Avoiding a gale in Garrison Bay
Still awaiting our refrigerator part in Friday Harbor, we were sticking pretty close by – within a single day’s sail at least. Our options of new places nearby were quickly depleting after a couple weeks in the general area, so we opted to return to one of last year’s favorites; Garrison Bay, just off shore from the English Camp portion of National Historic Park. Not only is it a beautiful bay, it has a nice trail system for Kerri’s mushroom fetish and would be well protected from an incoming blow in the coming days, or so we thought.
There was little sailing to be had on our travel day. That’s just how it is here in the Fall. It is either gale force winds, or none at all with our travel day being the later. It isn’t all bad though as our battery bank – even with a 50% upgrade to our bank recently – has been struggling to keep up this late in the year. There was only enough of a breeze to sail off anchor, out of Blind Bay, and through Wasp Passage that separates Orcas and Shaw Islands. Once we got out into the San Juan Channel, where the winds were forecast to pickup a bit, did they completely drop off compelling us to engage the motor. If we are being forced to run the motor to charge the batteries, we may as well make a move as well. The motor running even comes with the added benefit of hot water when we arrive to our destination, which is always nice. And so it happened, a rainy afternoon slowly motoring to the north side of San Juan Island (where we just left not long ago) to revisit Garrison Bay… but first, Wescott Bay.
Wescott Bay, just around the corner from Garrison, happened to have a couple boats anchored there. One turned out to be long time friends of Kerri’s, with the other being an online acquaintance of hers. We arrived in the late afternoon with just as the clouds properly opened up on us, complete with a fair amount of wind – which is customary; no wind all day until we want to end our sail.
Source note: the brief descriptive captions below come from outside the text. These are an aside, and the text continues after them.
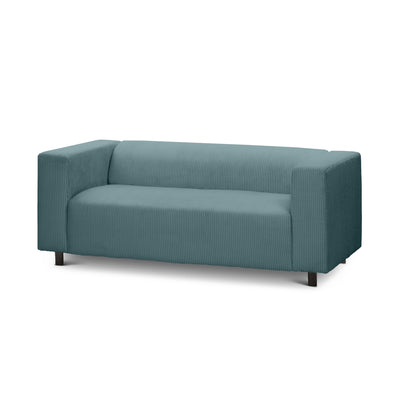 July 3 Seater Sofa 175 cm – Deep Graphite (POSO 125)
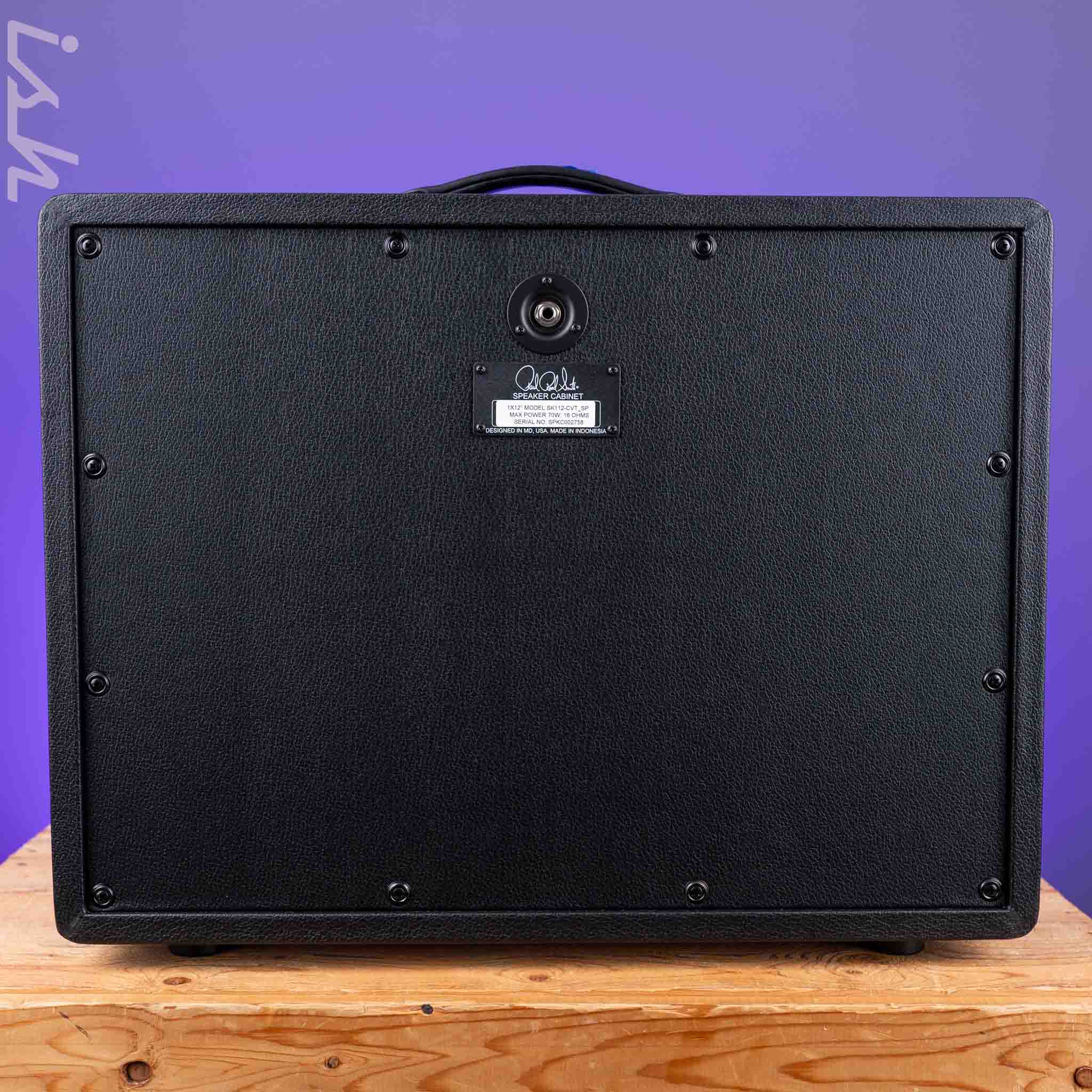 PRS 1x12 HDRX Speaker Cabinet - Image 2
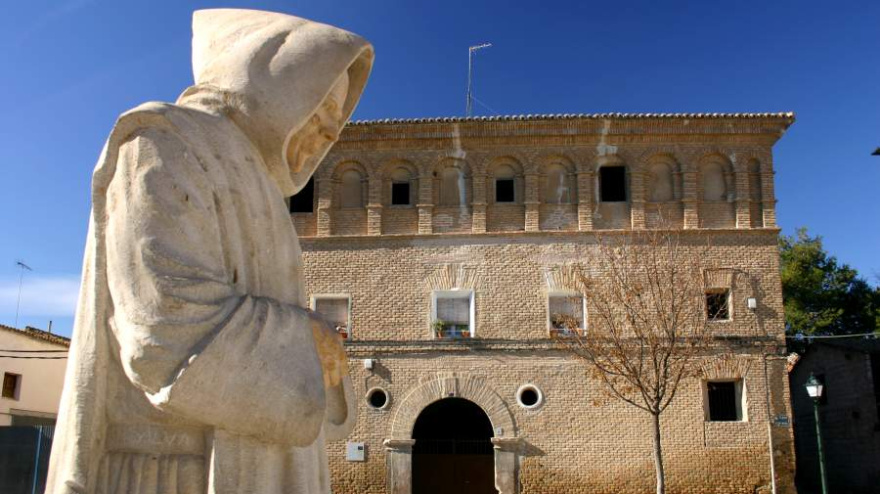 Monasterio de La Cartuja Baja en Zaragoza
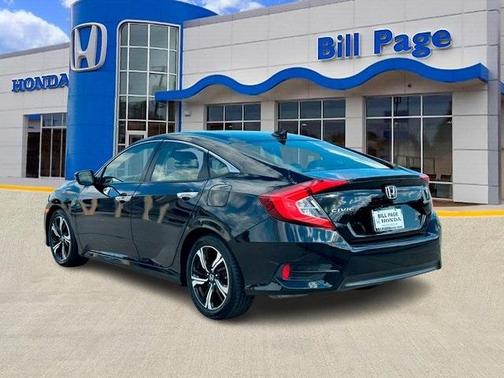 2018 Honda Civic Touring
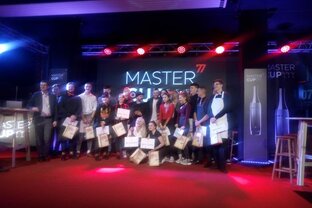 Junior -  modern mixology, barmanská súťaž master cup 2020 - IMG_20200124_162130907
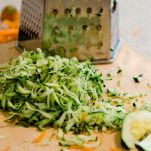 Polpette di tacchino e zucchine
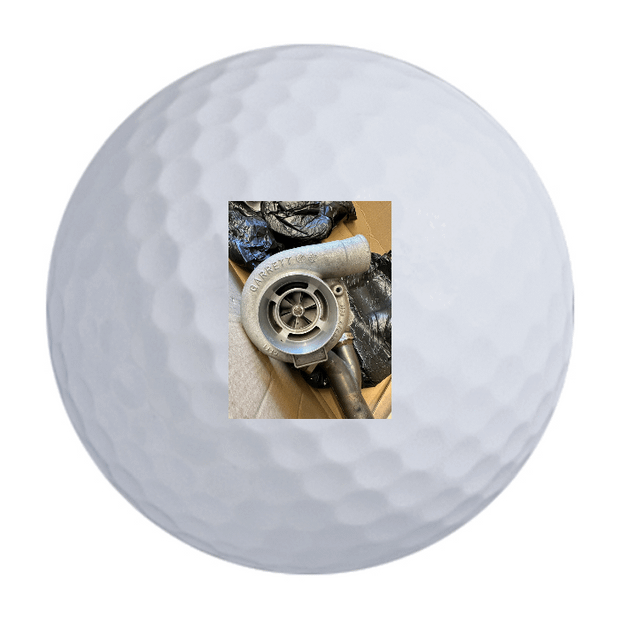 Custom Callaway Supersoft Golf Balls One Dozen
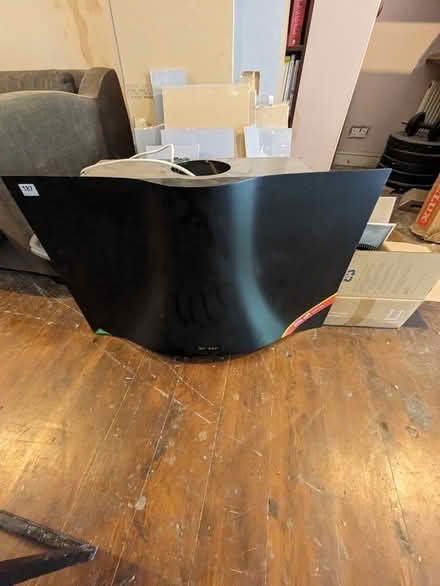 Photo of free Faber cooker hood (spares/repairs) (Failsworth M35) #1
We were quick to set the anchor, get all the running rigging tidied up, and hide in our cabin, wood stove drying all our foul weather clothing, for the remainder of the day. It wasn’t until the following morning that we took the dinghy over to talk with our neighbors. They left immediately after…
It took only a few short minutes to motor around the corner to Garrison Bay where we settled in for most of the work week. With a whole fair weather day still ahead of us, we took off on a hike that I suggested is a bout of insanity. Standing on the deck of Meriwether, looking at the hill above us, I could see a bald spot that clearly had a view of our bay and boat. When I suggested a hike up there, Kerri gave me a questioning look, but I persisted. She referenced her trail map, noting that it was only 250 feet in elevation gain, so we set out. It wasn’t until we got to the top, with a lot of huffin-n-puffin, that the placard noted the 250 *meter* elevation difference from English Camp where Meriwether is anchored. Oh Kerri! Still, it felt good to get outside and get the heart rate up to near-certain-death-range for a change.
By mid week we had a gale glaring at us from the South. This would be our first time at anchor through one. With land surrounding the bay, we new we would be alright as the seas were not able to kick up much fetch is such a small body of water. The wind started at 2AM and by 3AM it was blowing in the 40 knots. With each gust, the 16-ton boat would heel over 20 degrees. One time causing all sorts of gear to tumble out of their secured areas and onto the sole. Sleep was no longer an option for me, so I roused to keep watch while Kerri got more sleep. The gale had her teeth in us and there was nothing to do but ride it out. Meriwether was dancing a proper jig. Her bow swinging back and forth 90 degrees on either side of the wind, each extension giving our anchor a proper yank. The gale tried everything she could, for the next 16 hours, to rip us out of the mud below and send us flailing down the bay, but failed. When Kerri got up to start her work day, I was able to get a few more hours of sleep. As long as one of us is on watch, the other can rest. It was uncomfortable as all heck, but worth the learning experience. We both agreed that for the next gale we would hunker down at a marina instead, like we did all of last year. We know we (as well as the boat and her anchor) can do it, but there is no good reason to do it unless forced upon us.
Once the weather settled, we got back to normal life for a few more days. Kerri finally dropped the crab trap in the water, fetching a couple crabs in just as many days. The whole boat stunk of the bottom feeders for a week, but she was happy to munch on the ugly beasts for days.
Towards the end of the week, we motored the short distance up to Roche Harbor for a night at dock to resupply the groceries, fill the water tanks, and get in a hot shower. I even had the bravery to put Meriwether into the slip ass first. A feat for sure, as she backs up like a rhinoceros. I actually missed the slip I was originally aiming for, instead taking up the slip two over. Only off by 50-60 feet… not bad for an old rhino, eh? Luckily, the place was empty so there was nothing [expensive] to hit. The maneuver was necessary to drop the dinghy on the dock for a proper wash while we had the chance. And it is always good to practice something rarely done.
Finally, a night at anchor just outside the marina with the local fisherman who spent much of their evening offloading their catch or filling the showers in the marina. We would sail out the following day in route to new adventures once again.